We are reverting to a Neutral recommendation on Bayer (BAYRY) as we believe that all the positive news that led to our previous Outperform recommendation on the stock are reflected in the current price.
Bayer performed impressively in the third quarter of 2012, driven by an increase in revenues. Bayer’s earnings per share during the third quarter of 2012 came in at €1.68 compared with €1.12 in the year-ago period. The company recorded 11.5% growth in revenues to €9,665 million. Growth was witnessed across all the major divisions at Bayer.
Bayer continues to expect 2012 earnings to increase by 10% year over year. Blood-thinner Xarelto, which has significant commercial potential, performed well during the quarter. The HealthCare unit of Bayer has co-developed Xarelto with Johnson & Johnson (JNJ).
We are also impressed by the US approval of Stivarga for use in treatment-experienced metastatic colorectal cancer patients. Bayer is also looking to get Stivarga approved for treating patients suffering from metastatic and/or unresectable gastrointestinal stromal tumors (:GIST). The US Food and Drug Administration (:FDA) is reviewing the marketing application seeking approval of Stivarga for the GIST indication on a priority basis. Bayer is also seeking Japanese approval of Stivarga for the GIST indication. The sales potential of Stivarga would be further boosted if the regulatory authorities clear the drug for the GIST indication.

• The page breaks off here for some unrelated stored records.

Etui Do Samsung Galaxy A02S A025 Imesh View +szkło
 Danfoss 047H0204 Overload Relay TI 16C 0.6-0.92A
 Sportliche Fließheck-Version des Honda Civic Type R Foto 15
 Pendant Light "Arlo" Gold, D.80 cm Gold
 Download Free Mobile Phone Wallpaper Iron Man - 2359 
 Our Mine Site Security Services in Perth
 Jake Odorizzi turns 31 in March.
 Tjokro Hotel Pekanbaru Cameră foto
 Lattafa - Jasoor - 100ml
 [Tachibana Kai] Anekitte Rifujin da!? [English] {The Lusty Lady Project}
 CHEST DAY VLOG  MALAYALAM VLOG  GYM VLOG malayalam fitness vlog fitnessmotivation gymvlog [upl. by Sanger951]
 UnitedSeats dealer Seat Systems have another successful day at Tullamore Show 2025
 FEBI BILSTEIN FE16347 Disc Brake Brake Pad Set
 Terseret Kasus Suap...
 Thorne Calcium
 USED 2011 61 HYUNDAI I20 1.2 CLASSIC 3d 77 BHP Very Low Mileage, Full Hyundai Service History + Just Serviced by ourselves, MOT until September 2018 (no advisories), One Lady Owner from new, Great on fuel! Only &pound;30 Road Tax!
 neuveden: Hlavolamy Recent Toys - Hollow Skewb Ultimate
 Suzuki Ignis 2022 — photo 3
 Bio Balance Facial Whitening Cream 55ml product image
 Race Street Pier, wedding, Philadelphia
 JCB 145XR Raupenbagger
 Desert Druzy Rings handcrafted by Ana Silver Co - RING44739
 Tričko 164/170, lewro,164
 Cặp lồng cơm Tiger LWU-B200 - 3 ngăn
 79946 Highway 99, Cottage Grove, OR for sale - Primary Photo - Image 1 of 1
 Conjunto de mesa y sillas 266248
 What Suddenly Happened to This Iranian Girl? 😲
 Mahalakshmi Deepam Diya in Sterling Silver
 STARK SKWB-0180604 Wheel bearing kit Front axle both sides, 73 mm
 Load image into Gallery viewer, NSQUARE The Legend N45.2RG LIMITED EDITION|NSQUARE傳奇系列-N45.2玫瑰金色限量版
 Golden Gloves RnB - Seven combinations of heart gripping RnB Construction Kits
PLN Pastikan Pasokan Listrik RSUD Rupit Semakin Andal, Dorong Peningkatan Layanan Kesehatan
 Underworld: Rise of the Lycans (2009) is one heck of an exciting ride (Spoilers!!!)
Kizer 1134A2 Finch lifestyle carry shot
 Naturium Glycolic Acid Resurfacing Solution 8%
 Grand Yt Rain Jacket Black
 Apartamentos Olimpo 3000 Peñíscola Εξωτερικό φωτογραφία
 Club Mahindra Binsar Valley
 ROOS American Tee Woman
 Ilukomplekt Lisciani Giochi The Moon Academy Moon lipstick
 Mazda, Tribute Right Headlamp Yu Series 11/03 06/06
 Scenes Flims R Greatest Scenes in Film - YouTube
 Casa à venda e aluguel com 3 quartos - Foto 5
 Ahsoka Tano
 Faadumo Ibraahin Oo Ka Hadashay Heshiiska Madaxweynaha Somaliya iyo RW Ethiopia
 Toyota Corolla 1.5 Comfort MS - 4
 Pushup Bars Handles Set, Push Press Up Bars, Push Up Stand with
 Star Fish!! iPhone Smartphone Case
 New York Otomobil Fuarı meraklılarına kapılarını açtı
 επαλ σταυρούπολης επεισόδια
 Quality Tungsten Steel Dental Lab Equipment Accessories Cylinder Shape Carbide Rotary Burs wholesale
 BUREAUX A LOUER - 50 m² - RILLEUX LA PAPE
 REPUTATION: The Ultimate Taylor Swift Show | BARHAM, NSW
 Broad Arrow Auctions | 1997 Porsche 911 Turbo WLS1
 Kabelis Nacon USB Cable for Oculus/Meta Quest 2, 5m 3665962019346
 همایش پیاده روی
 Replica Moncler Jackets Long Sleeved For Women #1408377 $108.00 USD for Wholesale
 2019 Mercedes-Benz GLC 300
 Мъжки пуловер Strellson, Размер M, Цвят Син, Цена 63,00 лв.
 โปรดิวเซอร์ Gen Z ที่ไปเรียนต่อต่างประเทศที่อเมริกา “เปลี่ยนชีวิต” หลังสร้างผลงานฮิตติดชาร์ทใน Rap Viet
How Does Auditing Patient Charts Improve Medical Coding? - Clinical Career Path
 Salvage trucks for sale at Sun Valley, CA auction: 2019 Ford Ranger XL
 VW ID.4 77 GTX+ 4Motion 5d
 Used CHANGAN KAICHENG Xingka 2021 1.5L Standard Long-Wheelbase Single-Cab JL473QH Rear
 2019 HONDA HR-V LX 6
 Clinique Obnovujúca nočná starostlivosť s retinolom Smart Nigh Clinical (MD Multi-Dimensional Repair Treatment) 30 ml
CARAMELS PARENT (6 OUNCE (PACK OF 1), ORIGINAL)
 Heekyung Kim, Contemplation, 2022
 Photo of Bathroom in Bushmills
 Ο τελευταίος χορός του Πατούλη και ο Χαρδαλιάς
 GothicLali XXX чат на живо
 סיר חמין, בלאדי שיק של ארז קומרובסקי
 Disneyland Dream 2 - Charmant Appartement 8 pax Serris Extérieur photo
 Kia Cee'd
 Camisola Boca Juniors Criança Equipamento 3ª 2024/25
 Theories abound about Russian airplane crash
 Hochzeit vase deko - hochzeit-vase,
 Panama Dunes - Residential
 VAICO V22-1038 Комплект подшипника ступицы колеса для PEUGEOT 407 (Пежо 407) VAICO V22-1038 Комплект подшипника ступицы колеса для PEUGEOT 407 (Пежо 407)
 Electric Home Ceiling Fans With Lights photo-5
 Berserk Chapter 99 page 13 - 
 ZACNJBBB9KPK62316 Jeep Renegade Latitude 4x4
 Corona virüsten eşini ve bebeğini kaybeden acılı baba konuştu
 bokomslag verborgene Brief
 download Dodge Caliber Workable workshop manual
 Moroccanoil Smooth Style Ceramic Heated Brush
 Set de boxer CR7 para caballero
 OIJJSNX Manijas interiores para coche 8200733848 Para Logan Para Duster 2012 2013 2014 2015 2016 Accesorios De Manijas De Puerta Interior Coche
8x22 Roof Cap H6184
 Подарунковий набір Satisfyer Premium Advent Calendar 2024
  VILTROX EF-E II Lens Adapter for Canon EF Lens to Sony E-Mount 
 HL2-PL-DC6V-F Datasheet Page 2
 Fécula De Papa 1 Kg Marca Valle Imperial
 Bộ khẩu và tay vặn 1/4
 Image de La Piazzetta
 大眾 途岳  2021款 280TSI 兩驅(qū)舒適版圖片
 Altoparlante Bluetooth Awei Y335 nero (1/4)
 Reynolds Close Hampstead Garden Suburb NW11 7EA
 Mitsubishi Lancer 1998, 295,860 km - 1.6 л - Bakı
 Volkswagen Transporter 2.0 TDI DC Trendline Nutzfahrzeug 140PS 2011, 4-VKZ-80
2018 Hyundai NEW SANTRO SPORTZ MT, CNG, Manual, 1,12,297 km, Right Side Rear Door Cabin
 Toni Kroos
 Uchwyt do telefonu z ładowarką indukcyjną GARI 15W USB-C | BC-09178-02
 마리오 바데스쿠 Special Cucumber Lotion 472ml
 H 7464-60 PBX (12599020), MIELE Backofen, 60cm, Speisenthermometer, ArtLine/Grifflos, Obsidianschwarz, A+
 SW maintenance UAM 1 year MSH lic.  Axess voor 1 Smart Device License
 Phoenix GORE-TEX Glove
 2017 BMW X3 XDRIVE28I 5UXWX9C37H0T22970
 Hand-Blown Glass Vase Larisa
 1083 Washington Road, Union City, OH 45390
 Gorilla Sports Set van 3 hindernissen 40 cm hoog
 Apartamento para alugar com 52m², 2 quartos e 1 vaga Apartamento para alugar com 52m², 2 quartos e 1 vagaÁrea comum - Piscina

We are also positive on the European approval of eye-drug Eylea for treating patients suffering from neovascular (wet) age-related macular degeneration (wet AMD). Bayer is also seeking to expand the label of Eylea into other eye disorders. The HealthCare unit of Bayer has co-developed Eylea with Regeneron Pharmaceuticals (REGN).
However, we are mindful of the regulatory/pipeline setbacks at Bayer. In August 2012, Bayer and partner Sanofi (SNY) suffered a setback when the FDA issued a refuse-to-file letter regarding the marketing application submitted in June 2012, seeking approval to market Lemtrada for the treatment of relapsing multiple sclerosis.
Apart from this regulatory setback, Bayer suffered a pipeline setback in May 2012 when Nexavar (sorafenib), co-developed with Onyx Pharmaceuticals Inc. (ONXX), failed to prolong the overall survival in patients suffering from advanced non-squamous non-small cell lung cancer in a phase III study.
Moreover, the generic threat looming over many of Bayer’s key products including the Yaz franchise (oral contraceptives) is another challenge for the company.